2

I have a data frame like this:

enter image description here

Created with this:

companies = c("ABC Ltd", "ABC Ltd", "ABC Ltd", "Derwent plc", "Derwent plc")
sic = c("12345", "24155", "31231", "55346", "34234")

df = data.frame(companies, sic)


As you can see, the companies column is duplicated due to the SIC code.

I want to pivot wider so that each SIC code has its own column and that it is only 1 company per row.

Something like the following where I don't know how many columns there might be (i.e. there could be some companies with 20 sic codes).

enter image description here

I have tried pivoting it using pivot_wider but I cannot get it to do what I need it to do.

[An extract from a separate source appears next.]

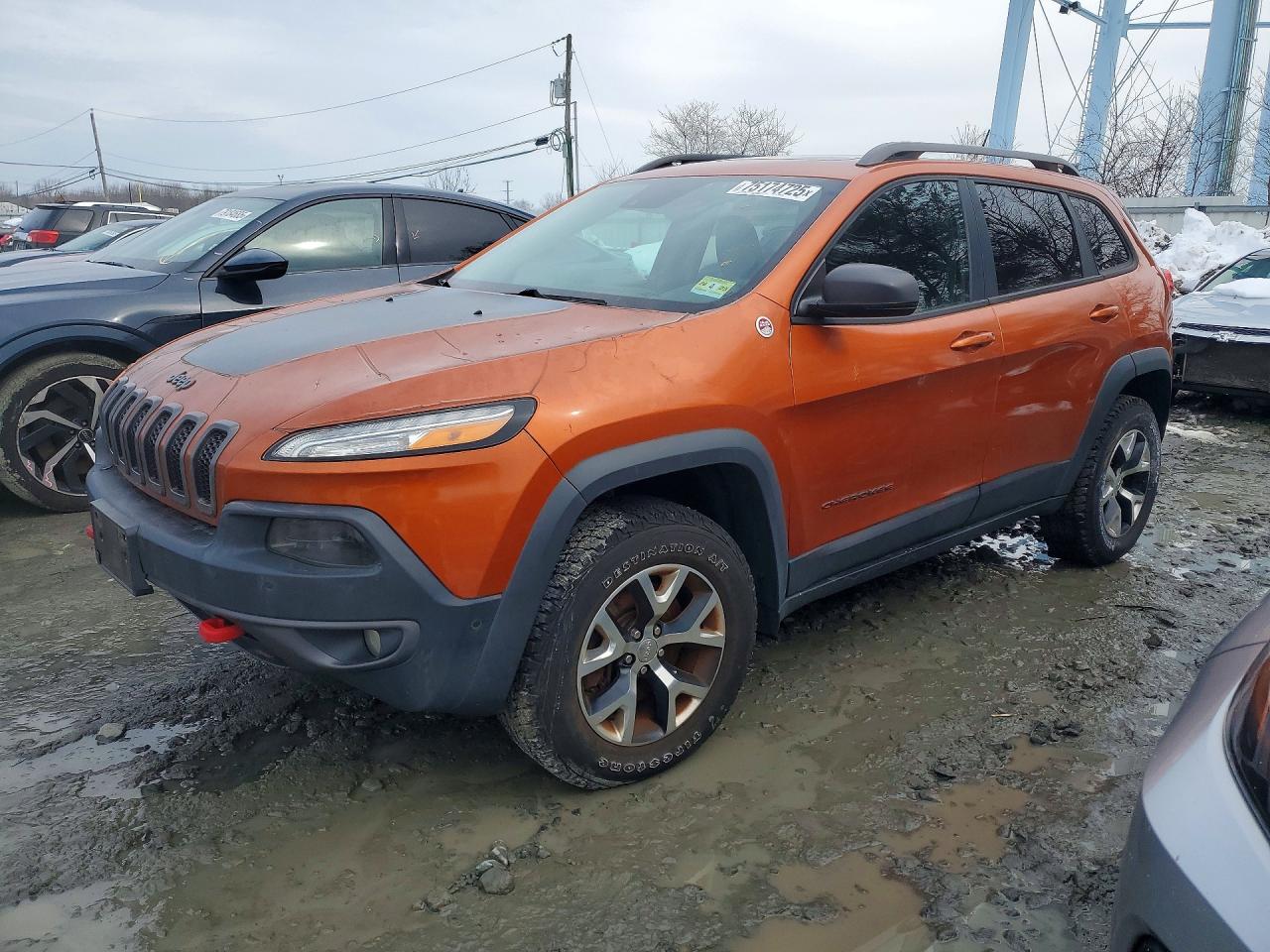 Salvage Jeep Cherokee Image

Any help is much appreciated.

jay.sf
  • 60,139
  • 8
  • 53
  • 110
Nicholas
  • 3,517
  • 13
  • 47
  • 86

3 Answers3

4

With the packages dplyr and tidyr you can use

library(dplyr)
library(tidyr)

df %>% 
  group_by(companies) %>% 
  mutate(row_n = row_number()) %>% 
  pivot_wider(companies, names_from = row_n, values_from = sic, names_glue = "sic.{row_n}")

Output

# A tibble: 2 x 4
# Groups:   companies [2]
#   companies   sic.1 sic.2 sic.3
#   <chr>       <chr> <chr> <chr>
# 1 ABC Ltd     12345 24155 31231
# 2 Derwent plc 55346 34234 NA   
Ric S
  • 9,073
  • 3
  • 25
  • 51
  • Perfect. Just what I needed. Thank you so much 'Ric S' for your quick response :)... that 'names_glue' is really nifty! – Nicholas Jul 14 '20 at 10:10
  • 1
    Yeah it is a nice functionality that helps you renaming the columns as you like without renaming them in an explicit step – Ric S Jul 14 '20 at 10:11
2

You can split sic by companies, call [ with 1:max(lengths(x)) and rbind the result.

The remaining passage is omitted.